Amazon Relational Database Service (RDS) is a scalable relational database service in the cloud. Supported database engines are MySQL, PostgreSQL, Oracle, Microsoft SQL Server, and MySQL compatible Amazon Aurora engine. No changes are required in your application code to connect to RDS, that is, the code you are already using to connect to databases can be used with Amazon RDS.
Amazon manages the infrastructure provisioning, installing, and maintaining the database software. Database instances using Amazon RDS's MySQL, Oracle, SQL Server, and Oracle engines can be provisioned with General Purpose (SSD) storage, Provisioned IOPS (SSD) storage, or Magnetic storage. If your application needs predictable and consistent I/O performance, you can choose Provisioned IOPS (SSD) instead of using General Purpose (SSD) or Magnetic storage.
You can access RDS via the AWS Management Console, CLI, or API calls. RDS allows to you to efficiently scale compute and storage capacities. In addition, you can launch Read Replicas to offload read-based traffic from your primary database. High-availability features such as Multi-AZ can be configured to synchronously replicate the data to another instance in a different availability zone. In addition, support for automated backups and database snapshots can aid the DR process. SSD-backed storage option provides higher performance for frequently accessed or updated data. You can secure your data by isolating your instances in the VPC, and encrypt your data at rest.
Execute the following command to create an RDS DB instance named appdb
and size 30 Gb.
$ aws rds create-db-instance --db-instance-identifier appdb --allocated-storage 30 --db-instance-class db.m1.small --engine mysql --master-username admin --master-user-password Passw0rd123$
Execute the following command to retrieve information about DB instance with name appdb
in order to verify the details of the RDS instance created:
$ aws rds describe-db-instances --db-instance-identifier appdb
Add the Maven dependency for the MySQL connector to access the database from the Java code.
<dependency> <groupId>mysql</groupId> <artifactId>mysql-connector-java</artifactId> <version>5.1.35</version> </dependency>
The following sample code illustrates how to create our sample application database, called websupport
database, on the RDS instance. Replace RDS DB endpoint, user name, and password with your own specific details.
// Create database. public static void CreateDatabase() throws Exception { // Register database driver. Class.forName("com.mysql.jdbc.Driver"); // Database credentials. String userName = "username"; String password = "password"; // RDS url. String dbUrl = "jdbc:mysql://RDS db endpoint/"; // Create connection to RDS instance. Connection con = DriverManager.getConnection(dbUrl, userName, password); // Creates a Statement object for sending SQL statements to the // database. Statement stm = con.createStatement(); // Create database query. String sql = "CREATE DATABASE websupport;"; // Execute query. stm.executeUpdate(sql); }
The following code sample creates a table in the application database. Replace the RDS DB endpoint, user name, password, and database name with your own specific details.

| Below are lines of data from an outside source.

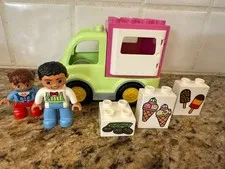 LEGO DUPLO - Ice Cream Truck Set  10586 Complete 11 pc 2015 Retired Pink Green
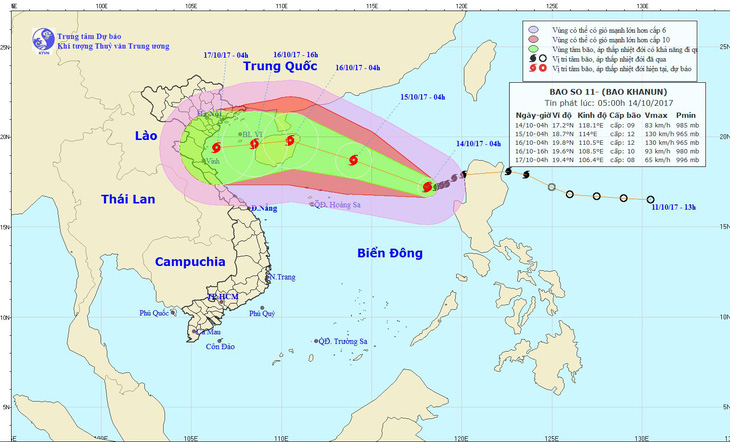 Bão số 11 có khả năng mạnh lên - Ảnh 1.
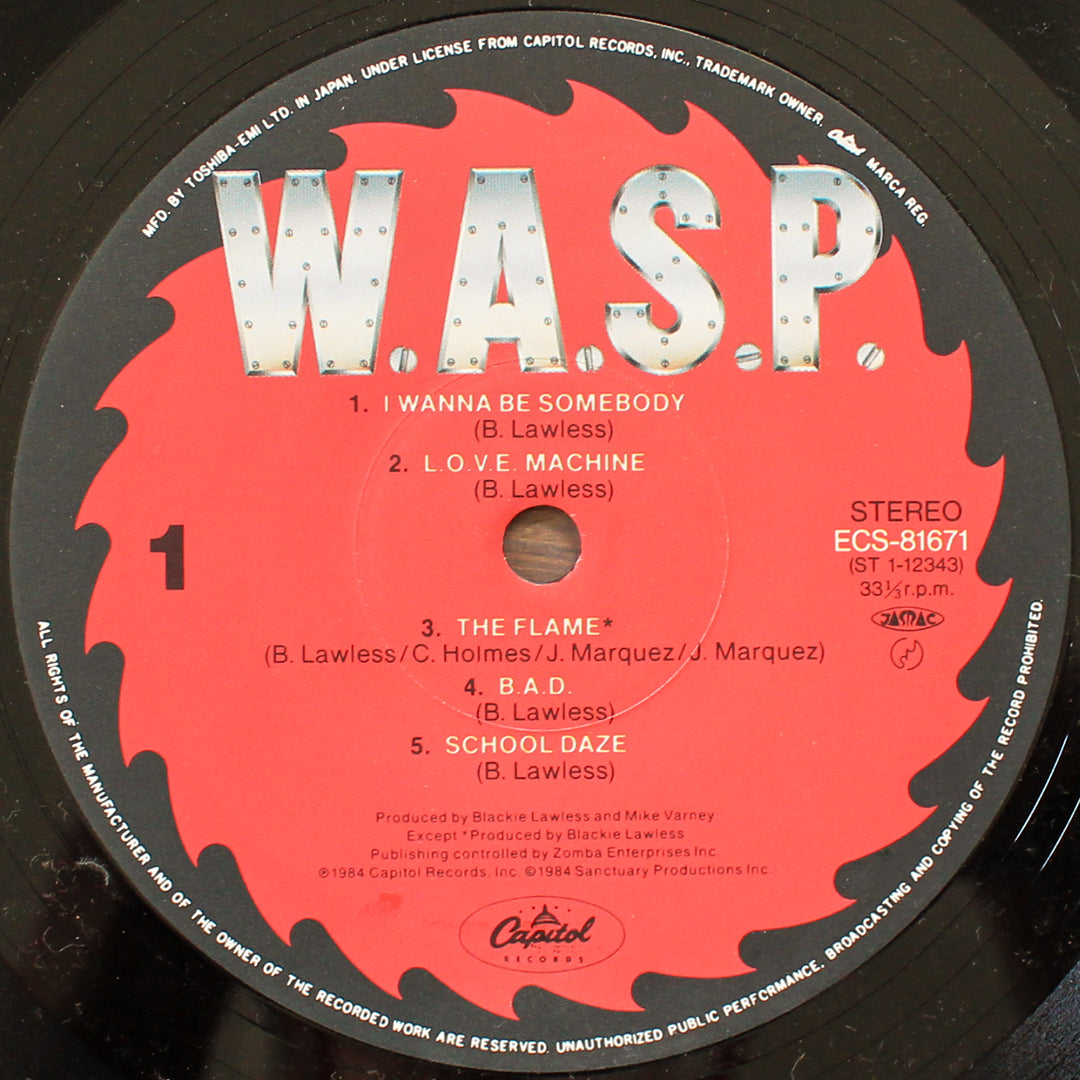 W.A.S.P. - W.A.S.P. Japan Vinyl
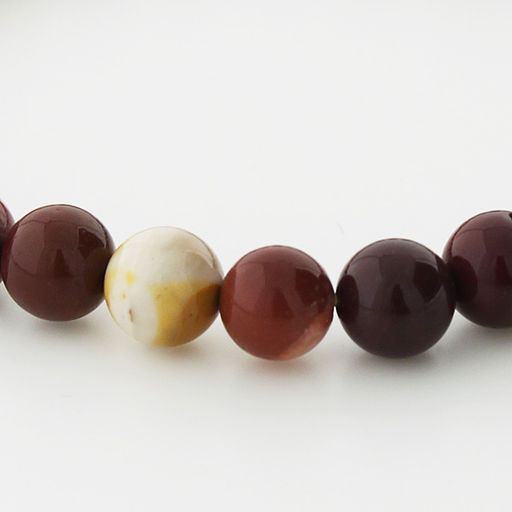 Австралийская яшма (мукаит) 6мм, браслет "Классика" длина 17см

// Create table. public static void CreateTable() throws Exception { // Register database driver. Class.forName("com.mysql.jdbc.Driver"); // Database credentials. String userName = "username"; String password = "password"; // RDS url. String dbUrl = "jdbc:mysql://RDS db endpoint/websupport"; // Create connection to RDS instance. Connection con = DriverManager.getConnection(dbUrl, userName, password); // Creates a Statement object for sending SQL statements to the // database. Statement stm = con.createStatement(); // Create database query. String sql = "CREATE TABLE tickets (ID int, frm VARCHAR(20),msg VARCHAR(2000));"; // Execute query. stm.executeUpdate(sql); }
The following sample code inserts a ticket record into the tickets table. Replace RDS DB endpoint, user name, password, and database name with your own specific details.
// Insert record. public static void InsertRecord() throws Exception { // Register database driver. Class.forName("com.mysql.jdbc.Driver"); // Database credentials. String userName = "username"; String password = "password"; // RDS url. String dbUrl = "jdbc:mysql://RDS db endpoint/websupport"; // Create connection to RDS instance. Connection con = DriverManager.getConnection(dbUrl, userName, password); // Creates a Statement object for sending SQL statements to the // database. Statement stm = con.createStatement(); // Create database query. String sql = "INSERT INTO tickets(ID, frm, msg) VALUES(1, '[email protected]', 'Issue while logging into site...');"; // Execute query. stm.executeUpdate(sql); }
In the first step, we created an RDS DB instance with a MySQL database engine. The main parameters, we specify, include a name for the instance, the amount of storage to be initially allocated, compute and memory capacity, the database engine to use, and the user name and password for the master user. After creating the DB instance, you can use the endpoint URL to access the database. Next, we retrieve the information about the newly created DB instance to verify the details (including the endpoint address).
In the next step, we downloaded the database driver, to access the application database from our Java code, by adding a Maven dependency for the MySQL connector. You can use the Connection
and Statement
classes to access database from your Java programs. The next several steps list the sample code to create an application database, a table, and finally insert a record.